The Silver Stepsize Schedule is an explicit non-monotonic fractal. Why should such stepsizes help? The core intuition is “hedging” between individually suboptimal strategies — short steps and long steps — since bad cases for the former are good cases for the latter, and vice versa. Properly combining these stepsizes yields faster convergence due to the misalignment of worst-case functions. This talk is based on joint work with Pablo Parrilo that publishes and extends my 2018 Master’s Thesis — which established for the first time that judiciously chosen stepsizes can enable accelerated convex optimization.
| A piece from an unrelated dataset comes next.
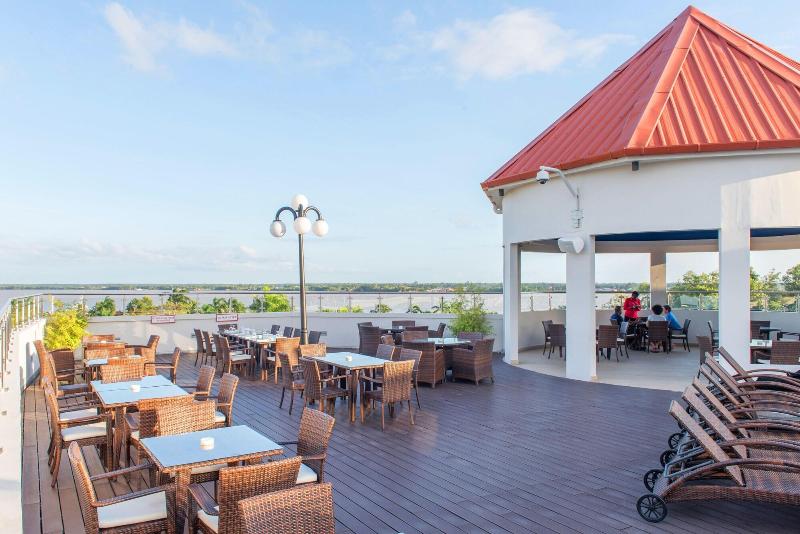 هتل Ramada By Wyndham Princess Paramaribo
Prior to this thesis, the only such result was for the special case of quadratics, due to Young in 1953.
Jason Altschuler
Assistant Professor of Statistics and Data Science, UPenn Wharton
Jason Altschuler is an Assistant Professor at UPenn in the Department of Statistics and Data Science, with a secondary appointment in the Department of Computer Science. Previously, he received his undergrad degree from Princeton and his PhD from MIT, where he received the Sprowls Award for the best MIT thesis in AI & Decision Making. His research is at the interface of optimization, probability, and machine learning, with a focus on the design and analysis of large-scale optimization algorithms.